Hillary's Gender Bender

by Brian Solomon | 11/13/07 1:01am

Hillary Clinton, you have a choice to make. You can be a strong leader and forceful Democratic presidential candidate who stands as a credit to female equality in this country, or you can regress into a crybaby politician who hides behind her dresses and pantsuits.

Unfortunately for American voters everywhere, after the latest Democratic debate at Drexel University on Oct. 30, it appears that Senator Clinton has decided to take the latter road. In recent weeks cable news has christened Clinton the "unbeatable front-runner" and the "inevitable candidate;" it therefore came as no surprise when the other presidential hopefuls attacked her repeatedly on a number of issues ranging from health care and Iran to immigration reform and social security. Yet instead of standing steadily above the fray and accepting the criticisms with an unwavering resolve that had become so synonymous with her campaign, the former First Lady used campaign aides and surrogates to spin her rivals' political statements as deliberate harassment by male playground bullies.
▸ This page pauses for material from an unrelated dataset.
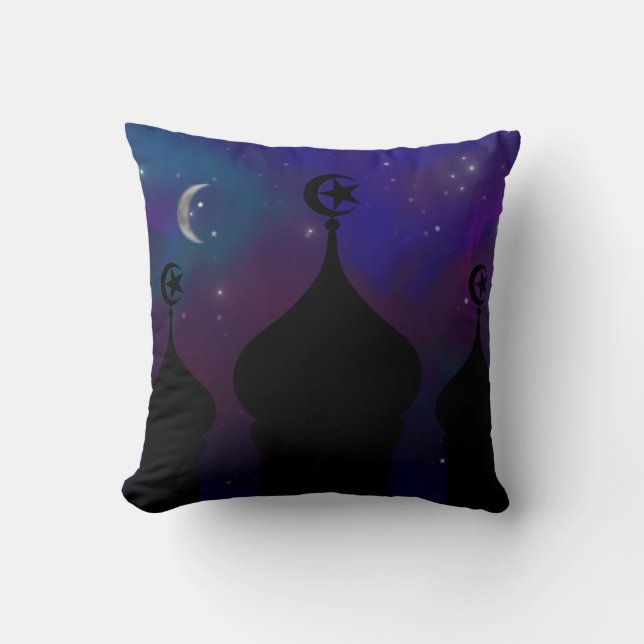 Coussin Mosquée du Ramadan avec ciel nocturne magique (Recto)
Less than 24 hours after the debate, Clinton accepted the endorsement of the American Federation of State, County and Municipal Employees, where Union President Gerald McEntee presented Clinton with a pair of boxing gloves. "Six guys against Hillary," he said. "I'd call that a fair fight." While the words technically originated outside of the campaign, in today's world of artfully scripted politics, we can be sure that Clinton's advisors approved of McEntee's language. After all, the short speech reiterated a theme of "piling on" with gender connotations that Clinton's campaign adopted in the hours and days following her sub-par performance in Philadelphia.

On the same day as the boxing glove photo opportunity, Clinton's campaign emailed supporters and published a press release emphasizing the Senator's status in the campaign as "One Strong Woman" whom everyone else was "attacking," landing "jabs," and "piling on." Then on Thursday Nov. 1, Clinton spoke at Wellesley College, her alma mater and one of the original women's liberal arts colleges known as the Seven Sisters. There she joked about competing in "the all-boys' club of presidential politics."
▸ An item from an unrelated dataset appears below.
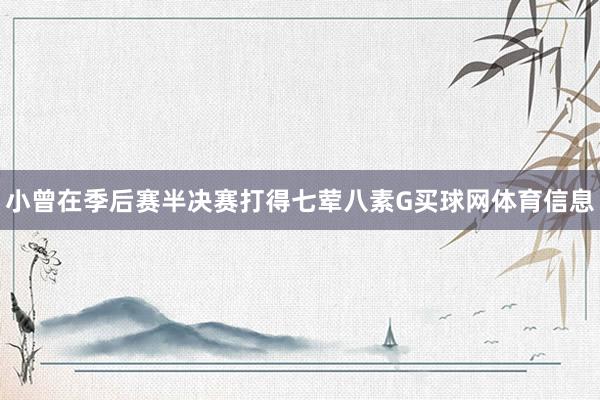 小曾在季后赛半决赛打得七荤八素G买球网体育信息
As the first legitimate female candidate for president in this country's history, it is sad to see Senator Clinton spin her poor performance in the debate as an unfair attack, especially when implying a connection to her gender. She posted a video on her campaign website entitled, "The Politics of Pile On," which edited together footage from the latest debate to show every time the men "ganged up on her" with Mozart's "Marriage of Figaro" playing in the background. In addition, popular former President Bill Clinton compared the remarks by his wife's rivals to the dishonest Swift Boat attack ads run against Senator John Kerry when he ran for President in 2004. Are you serious? When did legitimate policy criticisms in a debate -- which is, by definition, a formal discussion in which opposing arguments are put forward -- become the same as malicious and fraudulent attempts to sabotage a campaign?

Geraldine Ferraro, the first woman vice presidential candidate in 1984 and a Clinton supporter, said in The New York Times that the other candidates, "as well as the press, would never attack Barack Obama for two hours the way they attacked her." Clinton's campaign surrogate continued to talk about this supposed double standard, saying, "It's OK in this country to be sexist. It's certainly not OK to be racist." But imagine the public and media outcry if Obama, the leader in the polls of this hypothetical situation, played the race card and remarked after a poor showing in a debate that he's the "Strong Black Candidate" who is fighting in an "all-whites' club." Clinton, Obama and Bill Richardson (who is Hispanic) all work in admittedly difficult positions as minorities within a political sphere dominated by people who do not reflect the great diversity in our country. But that disadvantage does not give the candidates free license on which to blame their own shortcomings.

The bottom line is, Clinton cannot have it both ways. She can't play rough politics and portray herself as a leader who will take no prisoners, then drop the gender card at the first hint of problems -- especially when the attacks are far from personal. If Clinton fails to handle desperate jabs from candidates who are simply trying to catch up in the polls, how will she respond in real crises of international proportion? Mahmoud Ahmadinejad certainly will not tremble if our next president feigns sexism.